Dataset excerpt Block Start

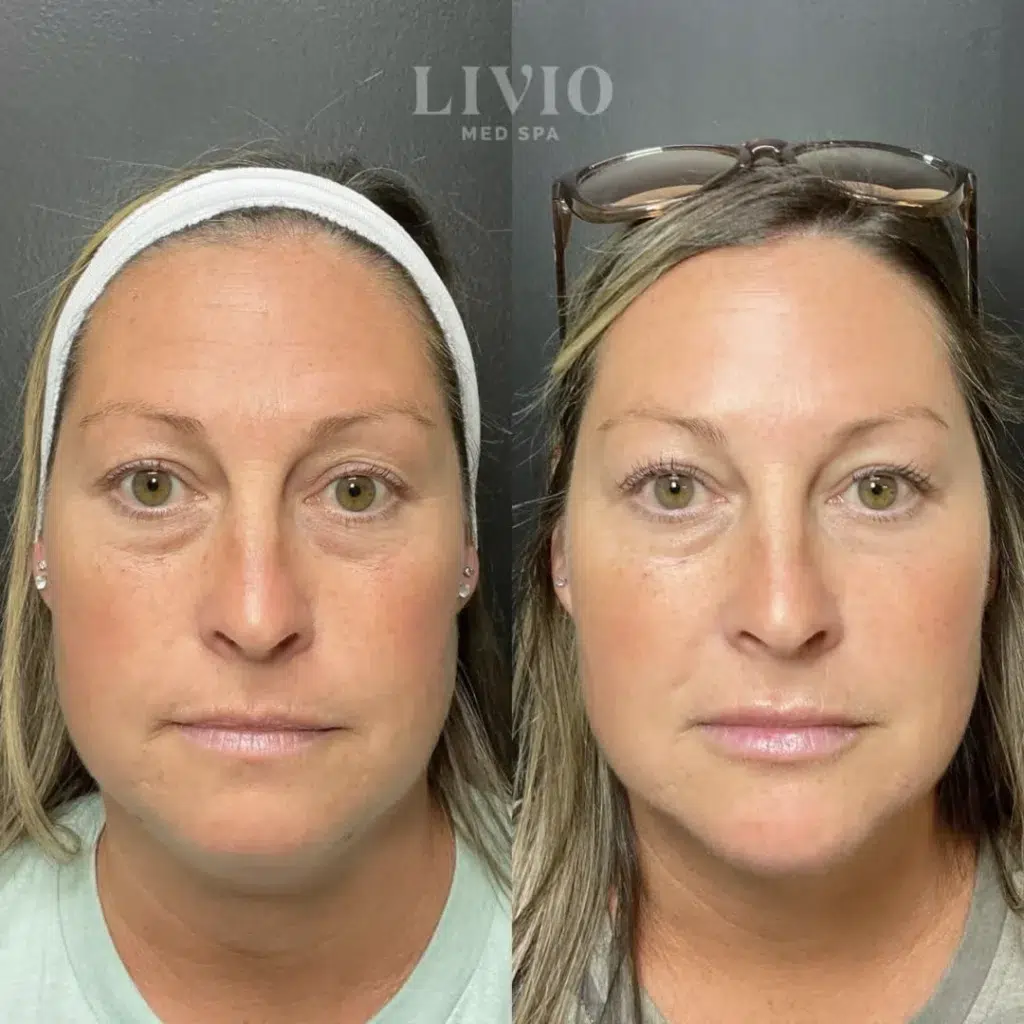botox before and after photo by livio med spa in cincinnati oh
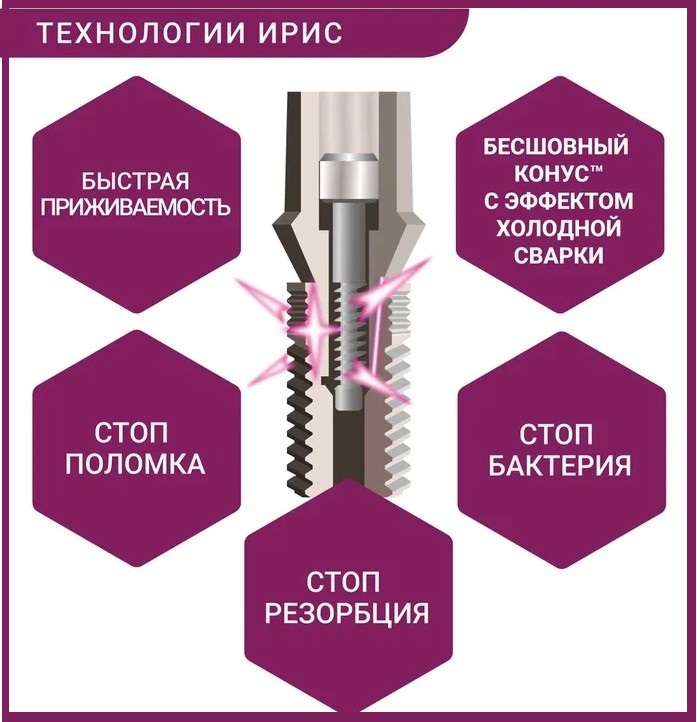 преимущества системы ИРИС преимущества системы ИРИС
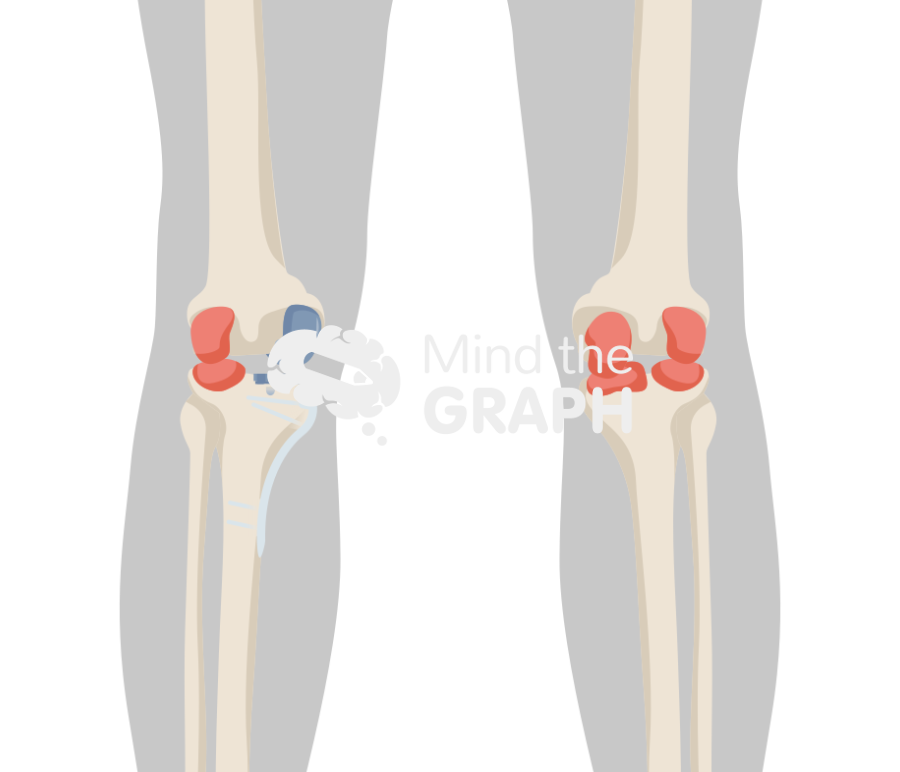 High tibial osteotomy unicompartmental knee arthroplasty anterior posterior body Icons, Symbols, Pictures, and Images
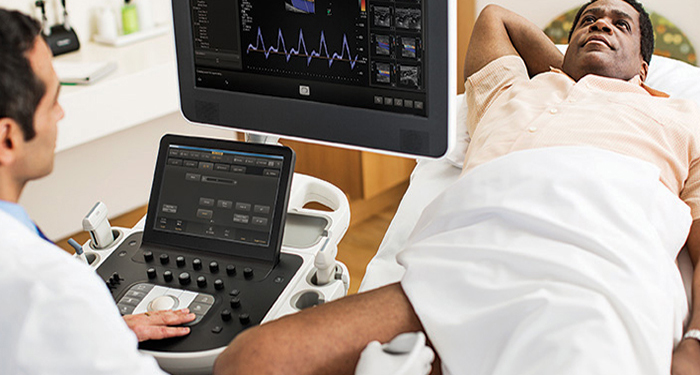 Modernes Ultraschallger&auml;t Philips EPIQ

Dataset excerpt Block End

Exercise
Print every line above exactly. Leave the pictures out.

Exercise output
botox before and after photo by livio med spa in cincinnati oh
 преимущества системы ИРИС преимущества системы ИРИС
 High tibial osteotomy unicompartmental knee arthroplasty anterior posterior body Icons, Symbols, Pictures, and Images
 Modernes Ultraschallger&auml;t Philips EPIQ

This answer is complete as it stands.